Image and PDF documents now support all text-based annotation features—including NER, assertion, relations, resolvers, and lookup code annotation—and allow OCR text annotation.

Key Features

How to Configure the Project

  1. Select the Project Template:
    • Navigate to the Image tab and choose the Image & Text Side-By-Side Annotation template.
    • Save the configuration to proceed.
  2. Add Models to the Reuse Resource Page:
    • Click Next to move to the Reuse Resource page.
    • Add the required models, such as NER, relation, and assertion models, to the project.
  3. Configure Individual Labels:
    • Click Next again to access the label configuration page.
    • Click on individual labels to add lookup data or resolver models.
  4. Save and Deploy the Preannotation Server:
    • Once all configurations are complete, save the project.
    • Deploy the preannotation server to start using the project.
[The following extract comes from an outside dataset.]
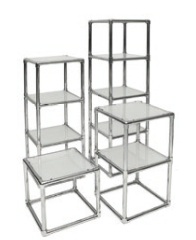 VE211 - Cube-stand 1 shelf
For a visual guide, refer to the GIF below that demonstrates the configuration process step-by-step:

6110image

How to Use Preannotation

After deploying the preannotation server, follow these steps to preannotate your documents:

  1. Import a PDF or Image:
    • Go to the Task Page and navigate to the Import Page.
    • Import the PDF or image you wish to annotate.
  2. Automatic OCR Processing:
    • The imported document will automatically pass through our OCR process.
    • Once OCR is complete, a task will be generated for the document.
  3. Preannotate the Task:
    • Use the deployed preannotation server to preannotate the task.
    • Alternatively, click on the task to annotate it manually.
  4. Automatic NER Label Projection:
    • As you annotate the text side, NER labels are automatically projected onto the image side for visual reference.
    • This ensures a seamless and intuitive annotation experience.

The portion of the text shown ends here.